Alex Peake-Tomkinson

The piano tuner

issue 06 October 2018

William Boyd’s 15th novel begins well enough. In 1894 Edinburgh, a 24-year-old piano tuner is promoted to the Paris branch of the firm he works for. Boyd is good on the inner workings of the piano: ‘the hammers, the rockers, the jacks, the whippens, the dampers — its innards were exposed like a clock with its back off or a railway engine dismantled in a repair shed.’

Brodie Moncur, the tuner in question, is possessed of perfect pitch and a fine sensibility which places him at odds with the brutal household of his tyrannical father and nine siblings (his mother has died in childbirth). The early domestic scenes possess real menace — Brodie’s 17-year-old sister Isabella won’t stand up to their father, as ‘He still belts me when he’s roused’, and it’s a shame the Moncurs don’t appear more often.

In Paris, Brodie persuades a pianist called John Kilbarron, ‘the Irish Liszt’, to play his firm’s pianos in concert for a price, thus ensuring the company’s fame. He also meets Kilbarron’s lover, a beautiful Russian soprano called Lika Blum and the pianist’s alarming brother-manager, Malachi. Brodie’s need to escape Malachi ultimately replaces his compulsion to escape his own father and it also provides the narrative engine for the piano tuner to travel across Europe and, eventually, to the Bay of Bengal.

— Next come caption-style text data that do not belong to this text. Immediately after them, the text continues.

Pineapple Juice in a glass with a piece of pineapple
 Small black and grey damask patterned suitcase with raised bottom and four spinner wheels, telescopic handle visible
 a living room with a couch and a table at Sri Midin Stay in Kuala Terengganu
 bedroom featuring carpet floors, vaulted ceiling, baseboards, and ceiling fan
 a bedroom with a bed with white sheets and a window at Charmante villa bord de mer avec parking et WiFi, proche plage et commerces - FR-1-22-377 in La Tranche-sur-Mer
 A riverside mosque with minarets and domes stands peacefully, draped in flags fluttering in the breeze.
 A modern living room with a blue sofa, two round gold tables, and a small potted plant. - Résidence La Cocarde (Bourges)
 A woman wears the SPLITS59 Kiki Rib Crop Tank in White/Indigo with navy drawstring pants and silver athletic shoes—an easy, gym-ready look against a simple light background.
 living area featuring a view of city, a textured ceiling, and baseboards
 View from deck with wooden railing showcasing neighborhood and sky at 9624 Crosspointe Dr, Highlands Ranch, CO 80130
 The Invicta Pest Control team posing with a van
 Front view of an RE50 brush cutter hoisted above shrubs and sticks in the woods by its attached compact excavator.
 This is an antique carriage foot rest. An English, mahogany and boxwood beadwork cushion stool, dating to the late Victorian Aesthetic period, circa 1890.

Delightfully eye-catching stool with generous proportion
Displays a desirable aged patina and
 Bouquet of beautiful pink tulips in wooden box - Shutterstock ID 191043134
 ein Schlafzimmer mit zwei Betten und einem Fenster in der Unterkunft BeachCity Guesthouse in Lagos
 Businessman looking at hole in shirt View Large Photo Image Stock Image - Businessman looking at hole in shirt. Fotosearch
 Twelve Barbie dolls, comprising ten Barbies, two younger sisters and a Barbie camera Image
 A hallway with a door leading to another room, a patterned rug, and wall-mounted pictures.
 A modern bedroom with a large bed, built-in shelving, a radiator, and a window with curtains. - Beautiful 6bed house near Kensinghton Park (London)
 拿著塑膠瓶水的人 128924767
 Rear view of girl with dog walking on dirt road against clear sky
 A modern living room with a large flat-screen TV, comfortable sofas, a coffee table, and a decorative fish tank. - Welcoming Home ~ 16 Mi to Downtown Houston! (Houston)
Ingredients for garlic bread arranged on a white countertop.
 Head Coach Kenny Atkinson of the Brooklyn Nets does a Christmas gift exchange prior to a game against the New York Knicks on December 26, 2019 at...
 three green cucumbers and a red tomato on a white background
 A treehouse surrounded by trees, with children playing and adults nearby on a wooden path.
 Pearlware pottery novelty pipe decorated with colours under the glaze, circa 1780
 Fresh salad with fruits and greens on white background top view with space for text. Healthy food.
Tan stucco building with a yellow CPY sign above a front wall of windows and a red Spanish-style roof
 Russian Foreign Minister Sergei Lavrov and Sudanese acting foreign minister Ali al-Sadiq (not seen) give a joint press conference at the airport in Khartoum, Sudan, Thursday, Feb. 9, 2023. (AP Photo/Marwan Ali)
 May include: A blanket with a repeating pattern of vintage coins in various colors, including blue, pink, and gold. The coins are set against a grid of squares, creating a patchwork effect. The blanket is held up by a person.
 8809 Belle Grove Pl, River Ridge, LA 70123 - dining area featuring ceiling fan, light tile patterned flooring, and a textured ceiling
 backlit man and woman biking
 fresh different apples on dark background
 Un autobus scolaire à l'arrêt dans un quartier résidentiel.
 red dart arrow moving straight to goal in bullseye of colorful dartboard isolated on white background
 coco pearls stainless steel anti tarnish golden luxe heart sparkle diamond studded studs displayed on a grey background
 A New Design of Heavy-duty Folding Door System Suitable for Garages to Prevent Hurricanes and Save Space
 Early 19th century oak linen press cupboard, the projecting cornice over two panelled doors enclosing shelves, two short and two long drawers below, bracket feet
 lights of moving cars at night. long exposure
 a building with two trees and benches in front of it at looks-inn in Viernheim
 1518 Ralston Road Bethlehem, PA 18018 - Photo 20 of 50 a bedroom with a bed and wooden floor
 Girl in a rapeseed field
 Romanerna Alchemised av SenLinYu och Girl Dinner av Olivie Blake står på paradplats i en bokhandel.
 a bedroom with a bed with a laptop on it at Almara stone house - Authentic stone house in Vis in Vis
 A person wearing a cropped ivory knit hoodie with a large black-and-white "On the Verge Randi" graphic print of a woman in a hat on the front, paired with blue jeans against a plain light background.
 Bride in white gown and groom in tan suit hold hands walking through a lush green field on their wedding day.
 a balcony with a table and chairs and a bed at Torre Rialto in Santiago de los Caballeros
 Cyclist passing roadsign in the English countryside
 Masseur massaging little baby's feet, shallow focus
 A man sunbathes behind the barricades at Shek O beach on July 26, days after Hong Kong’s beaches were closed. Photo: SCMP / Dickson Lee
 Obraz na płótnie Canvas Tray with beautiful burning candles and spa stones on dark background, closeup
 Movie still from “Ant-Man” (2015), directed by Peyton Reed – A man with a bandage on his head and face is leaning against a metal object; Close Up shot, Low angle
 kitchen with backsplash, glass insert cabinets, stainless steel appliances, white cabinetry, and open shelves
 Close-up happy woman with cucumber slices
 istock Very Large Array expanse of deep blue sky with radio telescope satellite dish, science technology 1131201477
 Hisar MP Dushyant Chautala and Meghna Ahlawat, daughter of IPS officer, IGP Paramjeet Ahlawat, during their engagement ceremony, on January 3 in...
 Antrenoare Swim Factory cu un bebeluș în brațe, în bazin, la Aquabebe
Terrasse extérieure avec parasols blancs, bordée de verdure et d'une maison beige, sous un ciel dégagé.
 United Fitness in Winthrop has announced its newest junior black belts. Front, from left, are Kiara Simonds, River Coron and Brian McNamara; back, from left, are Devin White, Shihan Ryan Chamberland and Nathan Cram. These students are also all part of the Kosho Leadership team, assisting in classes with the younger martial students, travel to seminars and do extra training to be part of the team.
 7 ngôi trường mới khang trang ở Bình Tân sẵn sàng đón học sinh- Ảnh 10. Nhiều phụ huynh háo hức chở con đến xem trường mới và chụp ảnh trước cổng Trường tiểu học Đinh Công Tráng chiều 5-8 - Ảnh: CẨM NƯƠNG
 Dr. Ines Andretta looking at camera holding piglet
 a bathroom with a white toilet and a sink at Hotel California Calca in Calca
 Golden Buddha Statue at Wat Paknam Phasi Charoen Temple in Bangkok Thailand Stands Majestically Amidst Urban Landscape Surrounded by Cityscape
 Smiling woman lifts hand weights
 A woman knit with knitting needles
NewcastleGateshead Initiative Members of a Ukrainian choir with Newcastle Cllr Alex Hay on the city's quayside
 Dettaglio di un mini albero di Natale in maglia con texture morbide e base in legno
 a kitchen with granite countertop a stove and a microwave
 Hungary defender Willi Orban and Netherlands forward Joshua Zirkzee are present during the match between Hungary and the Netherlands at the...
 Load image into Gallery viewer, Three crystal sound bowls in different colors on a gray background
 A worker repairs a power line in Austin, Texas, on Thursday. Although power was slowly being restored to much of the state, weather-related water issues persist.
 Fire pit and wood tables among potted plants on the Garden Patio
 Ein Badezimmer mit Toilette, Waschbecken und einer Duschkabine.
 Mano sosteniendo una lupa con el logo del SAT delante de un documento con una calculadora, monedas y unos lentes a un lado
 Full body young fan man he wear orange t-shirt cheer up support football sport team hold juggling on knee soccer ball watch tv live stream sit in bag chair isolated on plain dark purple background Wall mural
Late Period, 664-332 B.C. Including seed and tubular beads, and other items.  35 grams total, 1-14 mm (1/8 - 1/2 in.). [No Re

Chekhov’s influence on this novel is clear from the epigraph, which quotes Chekhov’s widow, to one of the novel’s final images: Lika (Chekhov also loved a Lika) is seen as ‘a lady with a little dog’. One wonders, though, how mindful Boyd is of the great Russian writer’s urge to ‘flee the stereotype’ at all times. The first woman who is described in detail is Brodie’s favoured prostitute, Senga.